Source material =>
----------
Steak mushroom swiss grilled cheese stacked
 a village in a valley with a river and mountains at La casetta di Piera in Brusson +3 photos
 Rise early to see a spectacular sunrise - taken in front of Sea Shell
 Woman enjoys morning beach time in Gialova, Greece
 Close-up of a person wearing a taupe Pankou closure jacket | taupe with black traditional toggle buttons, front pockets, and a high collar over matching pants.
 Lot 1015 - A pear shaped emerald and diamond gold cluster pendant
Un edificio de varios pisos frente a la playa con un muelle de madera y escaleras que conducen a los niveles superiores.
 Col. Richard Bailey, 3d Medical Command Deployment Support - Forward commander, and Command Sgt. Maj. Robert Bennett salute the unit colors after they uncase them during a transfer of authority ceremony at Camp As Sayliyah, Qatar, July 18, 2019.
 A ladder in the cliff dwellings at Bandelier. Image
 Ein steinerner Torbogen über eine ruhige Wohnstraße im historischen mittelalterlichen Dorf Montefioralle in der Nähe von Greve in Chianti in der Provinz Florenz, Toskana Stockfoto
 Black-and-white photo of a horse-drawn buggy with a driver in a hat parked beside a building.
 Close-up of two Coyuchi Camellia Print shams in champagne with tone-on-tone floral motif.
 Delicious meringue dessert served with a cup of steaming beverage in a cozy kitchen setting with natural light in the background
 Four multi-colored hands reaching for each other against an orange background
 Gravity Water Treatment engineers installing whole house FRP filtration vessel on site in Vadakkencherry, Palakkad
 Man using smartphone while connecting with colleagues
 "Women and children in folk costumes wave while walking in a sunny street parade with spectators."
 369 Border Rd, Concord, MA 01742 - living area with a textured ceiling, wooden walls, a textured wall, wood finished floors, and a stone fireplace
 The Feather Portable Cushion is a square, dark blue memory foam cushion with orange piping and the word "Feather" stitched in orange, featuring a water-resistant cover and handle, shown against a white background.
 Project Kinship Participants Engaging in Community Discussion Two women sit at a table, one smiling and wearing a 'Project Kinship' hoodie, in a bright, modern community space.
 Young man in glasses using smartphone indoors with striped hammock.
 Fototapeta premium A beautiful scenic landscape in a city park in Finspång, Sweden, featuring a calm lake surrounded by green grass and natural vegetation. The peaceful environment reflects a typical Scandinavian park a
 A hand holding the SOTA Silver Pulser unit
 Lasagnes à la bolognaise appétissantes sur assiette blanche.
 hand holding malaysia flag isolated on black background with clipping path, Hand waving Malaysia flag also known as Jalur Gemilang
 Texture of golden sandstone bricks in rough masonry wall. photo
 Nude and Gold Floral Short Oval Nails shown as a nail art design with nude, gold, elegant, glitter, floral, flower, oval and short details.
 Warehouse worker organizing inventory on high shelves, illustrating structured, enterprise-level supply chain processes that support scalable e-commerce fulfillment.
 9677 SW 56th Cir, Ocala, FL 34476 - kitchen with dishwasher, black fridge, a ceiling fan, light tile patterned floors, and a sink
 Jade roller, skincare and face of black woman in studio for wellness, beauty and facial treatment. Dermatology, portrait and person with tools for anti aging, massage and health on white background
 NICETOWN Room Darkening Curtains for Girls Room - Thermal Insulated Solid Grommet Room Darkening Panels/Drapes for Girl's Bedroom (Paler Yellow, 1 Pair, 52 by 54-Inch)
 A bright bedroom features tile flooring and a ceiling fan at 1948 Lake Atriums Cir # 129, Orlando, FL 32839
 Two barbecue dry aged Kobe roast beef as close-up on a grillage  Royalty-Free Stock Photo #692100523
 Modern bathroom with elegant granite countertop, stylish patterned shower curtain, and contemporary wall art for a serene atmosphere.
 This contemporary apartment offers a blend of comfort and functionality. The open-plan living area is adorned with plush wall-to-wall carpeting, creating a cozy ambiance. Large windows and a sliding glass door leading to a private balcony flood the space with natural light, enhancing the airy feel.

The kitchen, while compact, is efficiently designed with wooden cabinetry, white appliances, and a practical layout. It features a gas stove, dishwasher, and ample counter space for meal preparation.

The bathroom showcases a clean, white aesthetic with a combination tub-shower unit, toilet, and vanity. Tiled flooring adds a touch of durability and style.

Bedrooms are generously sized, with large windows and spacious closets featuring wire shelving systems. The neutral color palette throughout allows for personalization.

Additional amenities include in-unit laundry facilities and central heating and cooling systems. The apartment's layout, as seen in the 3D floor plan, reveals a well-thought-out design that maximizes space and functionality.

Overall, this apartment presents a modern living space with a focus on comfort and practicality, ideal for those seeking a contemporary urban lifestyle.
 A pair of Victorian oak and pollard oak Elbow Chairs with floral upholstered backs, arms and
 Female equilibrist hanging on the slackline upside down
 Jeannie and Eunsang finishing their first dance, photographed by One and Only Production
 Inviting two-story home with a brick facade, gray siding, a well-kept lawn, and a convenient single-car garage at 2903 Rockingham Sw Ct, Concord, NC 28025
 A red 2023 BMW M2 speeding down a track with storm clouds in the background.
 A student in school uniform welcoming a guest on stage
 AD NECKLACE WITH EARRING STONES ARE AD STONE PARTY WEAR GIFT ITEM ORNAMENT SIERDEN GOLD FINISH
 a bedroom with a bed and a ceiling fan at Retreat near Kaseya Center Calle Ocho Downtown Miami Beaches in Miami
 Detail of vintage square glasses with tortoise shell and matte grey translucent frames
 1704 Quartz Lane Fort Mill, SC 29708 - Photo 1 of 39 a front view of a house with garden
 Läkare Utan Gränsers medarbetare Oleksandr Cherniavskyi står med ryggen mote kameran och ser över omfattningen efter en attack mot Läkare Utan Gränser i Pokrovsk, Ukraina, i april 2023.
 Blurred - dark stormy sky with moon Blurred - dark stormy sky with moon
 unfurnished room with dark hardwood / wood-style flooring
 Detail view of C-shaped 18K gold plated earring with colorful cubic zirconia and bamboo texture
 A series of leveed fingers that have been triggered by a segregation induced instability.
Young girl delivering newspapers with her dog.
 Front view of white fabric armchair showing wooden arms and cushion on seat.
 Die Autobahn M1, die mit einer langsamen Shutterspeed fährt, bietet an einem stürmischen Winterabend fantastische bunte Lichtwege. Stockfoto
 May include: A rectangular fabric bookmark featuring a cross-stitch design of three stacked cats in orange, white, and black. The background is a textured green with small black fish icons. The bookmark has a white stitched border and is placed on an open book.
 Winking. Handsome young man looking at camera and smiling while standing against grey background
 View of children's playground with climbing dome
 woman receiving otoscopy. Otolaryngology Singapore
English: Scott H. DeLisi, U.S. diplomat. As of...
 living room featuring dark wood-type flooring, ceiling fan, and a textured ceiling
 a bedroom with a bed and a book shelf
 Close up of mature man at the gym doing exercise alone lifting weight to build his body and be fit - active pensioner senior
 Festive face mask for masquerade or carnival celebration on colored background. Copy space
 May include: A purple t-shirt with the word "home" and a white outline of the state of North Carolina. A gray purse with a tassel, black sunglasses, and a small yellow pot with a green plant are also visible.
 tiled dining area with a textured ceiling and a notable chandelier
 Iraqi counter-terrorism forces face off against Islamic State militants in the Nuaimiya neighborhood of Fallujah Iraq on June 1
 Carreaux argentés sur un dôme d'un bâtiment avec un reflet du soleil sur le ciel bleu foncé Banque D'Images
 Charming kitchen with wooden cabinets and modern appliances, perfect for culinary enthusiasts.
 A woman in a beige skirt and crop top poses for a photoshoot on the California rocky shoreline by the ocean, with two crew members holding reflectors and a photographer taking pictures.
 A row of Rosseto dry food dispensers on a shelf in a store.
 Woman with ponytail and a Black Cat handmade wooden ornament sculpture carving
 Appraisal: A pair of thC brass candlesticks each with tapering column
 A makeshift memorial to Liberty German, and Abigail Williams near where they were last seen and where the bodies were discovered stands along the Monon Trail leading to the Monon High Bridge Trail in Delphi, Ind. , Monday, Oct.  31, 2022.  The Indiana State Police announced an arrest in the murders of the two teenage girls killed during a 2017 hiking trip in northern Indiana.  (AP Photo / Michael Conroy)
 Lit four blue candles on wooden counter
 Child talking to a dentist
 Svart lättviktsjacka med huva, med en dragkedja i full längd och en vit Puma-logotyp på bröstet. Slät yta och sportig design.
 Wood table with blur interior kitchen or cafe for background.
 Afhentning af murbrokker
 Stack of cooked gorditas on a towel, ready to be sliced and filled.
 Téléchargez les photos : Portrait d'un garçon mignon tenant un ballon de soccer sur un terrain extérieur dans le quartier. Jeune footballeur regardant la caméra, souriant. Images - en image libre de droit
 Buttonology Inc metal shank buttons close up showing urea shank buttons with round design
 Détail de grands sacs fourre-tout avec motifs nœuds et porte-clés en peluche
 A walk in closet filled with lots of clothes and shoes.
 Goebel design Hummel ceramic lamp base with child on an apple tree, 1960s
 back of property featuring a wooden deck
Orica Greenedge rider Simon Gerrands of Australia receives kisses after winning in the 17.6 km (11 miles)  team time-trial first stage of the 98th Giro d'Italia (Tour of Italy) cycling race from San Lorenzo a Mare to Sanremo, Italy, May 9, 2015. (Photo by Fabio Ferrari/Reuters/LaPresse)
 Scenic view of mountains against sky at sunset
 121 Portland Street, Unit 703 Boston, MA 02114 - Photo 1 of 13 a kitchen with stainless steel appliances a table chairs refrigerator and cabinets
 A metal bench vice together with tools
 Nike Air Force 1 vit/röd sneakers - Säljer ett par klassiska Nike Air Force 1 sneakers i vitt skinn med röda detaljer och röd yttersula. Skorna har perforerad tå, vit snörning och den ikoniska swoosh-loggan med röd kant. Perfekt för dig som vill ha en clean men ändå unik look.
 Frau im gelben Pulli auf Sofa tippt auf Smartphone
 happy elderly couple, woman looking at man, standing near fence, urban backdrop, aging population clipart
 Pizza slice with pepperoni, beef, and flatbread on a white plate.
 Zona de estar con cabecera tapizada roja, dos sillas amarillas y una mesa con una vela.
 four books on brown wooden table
----------
Action item => Could you transcribe the entries above word for word, from the line with "a bedroom with a bed and a ceiling" down to the line with "Festive face mask", keeping both?

Solution for this exercise =>
 a bedroom with a bed and a ceiling fan at Retreat near Kaseya Center Calle Ocho Downtown Miami Beaches in Miami
 Detail of vintage square glasses with tortoise shell and matte grey translucent frames
 1704 Quartz Lane Fort Mill, SC 29708 - Photo 1 of 39 a front view of a house with garden
 Läkare Utan Gränsers medarbetare Oleksandr Cherniavskyi står med ryggen mote kameran och ser över omfattningen efter en attack mot Läkare Utan Gränser i Pokrovsk, Ukraina, i april 2023.
 Blurred - dark stormy sky with moon Blurred - dark stormy sky with moon
 unfurnished room with dark hardwood / wood-style flooring
 Detail view of C-shaped 18K gold plated earring with colorful cubic zirconia and bamboo texture
 A series of leveed fingers that have been triggered by a segregation induced instability.
Young girl delivering newspapers with her dog.
 Front view of white fabric armchair showing wooden arms and cushion on seat.
 Die Autobahn M1, die mit einer langsamen Shutterspeed fährt, bietet an einem stürmischen Winterabend fantastische bunte Lichtwege. Stockfoto
 May include: A rectangular fabric bookmark featuring a cross-stitch design of three stacked cats in orange, white, and black. The background is a textured green with small black fish icons. The bookmark has a white stitched border and is placed on an open book.
 Winking. Handsome young man looking at camera and smiling while standing against grey background
 View of children's playground with climbing dome
 woman receiving otoscopy. Otolaryngology Singapore
English: Scott H. DeLisi, U.S. diplomat. As of...
 living room featuring dark wood-type flooring, ceiling fan, and a textured ceiling
 a bedroom with a bed and a book shelf
 Close up of mature man at the gym doing exercise alone lifting weight to build his body and be fit - active pensioner senior
 Festive face mask for masquerade or carnival celebration on colored background. Copy space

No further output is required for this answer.